Most countries, that have a major Tourism and hospitality sectors, are looking more to the domestic market than their traditional international markets, to spare the sector from further and continuing pain. This is particularly true in Asia, where travel bubbles or bridges looked likely to reboot tourism before the new spikes were seen in Korea and China and even New Zealand reported new cases. Australia has had a spike in cases in Victoria and even interstate travel is still heavily restricted.
In Vietnam we have seen an uptick in domestic travel, since the easing of social distancing regulations, in late April. Vietnam Airlines and Vietjet have reported that their flight schedules have significantly increased to more than 60% of pre-covid levels, with high load factors, averaging 90% plus, however at significantly reduced prices. Hotels are also seeing the benefit of increased arrivals, because of the significant discounts being offered and whilst this helps operations and cash flow, profitability is another question and unless hotels can achieve average occupancy levels, of probably close to 50% (at current ADR’s being offered), then they will be unable to operate profitably.

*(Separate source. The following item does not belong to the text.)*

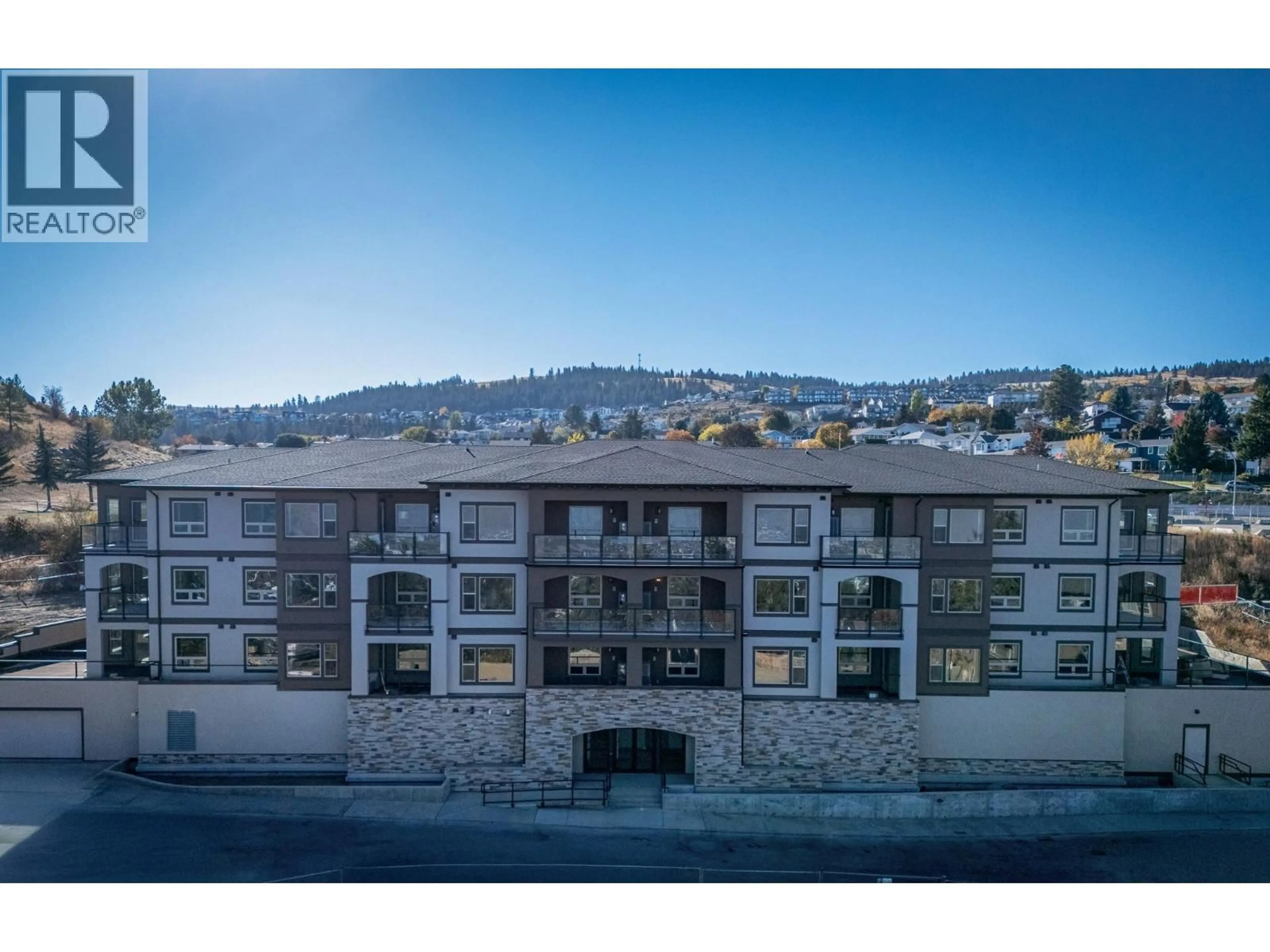 A pic from outside/outdoor area/front of a property/back of a property/a pic from drone, mountain view for 104 - 2171 VAN HORNE DRIVE, Kamloops British Columbia V1S0E2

High end city hotels, in Vietnam and around Asia (with the exception of China, where the market for domestic travel was reopened earlier) are suffering more than most, with many of the major international branded city properties, in Vietnam, operating with single digit occupancy and much reduced food and beverage options. Resort hotels close to major cities like Hanoi and HCMC are experiencing good occupancy over weekends, with average occupancy of over 60% for Friday, Saturday and Sunday but with very low levels in midweek. Resort destinations which are not easily reached by road transport from Hanoi and HCMC are not faring so well. We will see some improvement in July and August, in Vietnam, because of school holidays and the peak vacation season for families. However, we must keep in mind that last year Vietnam’s 85 million domestic tourists spent less than the 18 million foreign visitors. One bright light is the 9 million plus Vietnamese, who ventured overseas for holidays last year, who will more likely be holidaying at home this year and probably looking for the bargains at the mid to higher end hotels. The other is the resident expat community and families who are unlikely to be vacationing overseas this year and instead likely to be taking advantage at bargain proce4d luxury accommodation, here in Vietnam
So what is the outlook for the recovery, which will certainly happen at some stage, but with a new normal one suspects. To be honest a recovery in international tourism, which we need badly to support the sector, seems some way off, not much consolation for massive number of staff laid off or put on temporary leave, with as many as 75 million jobs at risk globally . Most major airlines are looking at years not months, before they are back to pre-covid levels and we saw an example of this with Quantas laying off or furloughing 20% of their workforce and grounding100 planes for at least one year and this I would expect to be the tip of the iceberg.
The question of opening borders without quarantine is a highly sensitive issue, especially in Vietnam where we have been so successful in containing and preventing the spread of Covid 19. Many European countries seem to be taking the view that the economy is more important by re-opening borders, in time for the main holiday season and removing quarantine restrictions for citizens of many countries but the wisdom of this remains to be seen. It does not look Vietnam will be open for normal international travel for some months and certainly not before September or October, which will not help the battered tourism and hospitality sector.
As a long-time resident of Vietnam I fully support the Governments cautious approach to re-opening the borders, but wish that all foreigners living and working here and family members, from whom many are currently separated, could be repatriated to Vietnam as soon as possible for humanitarian reasons as well as economic.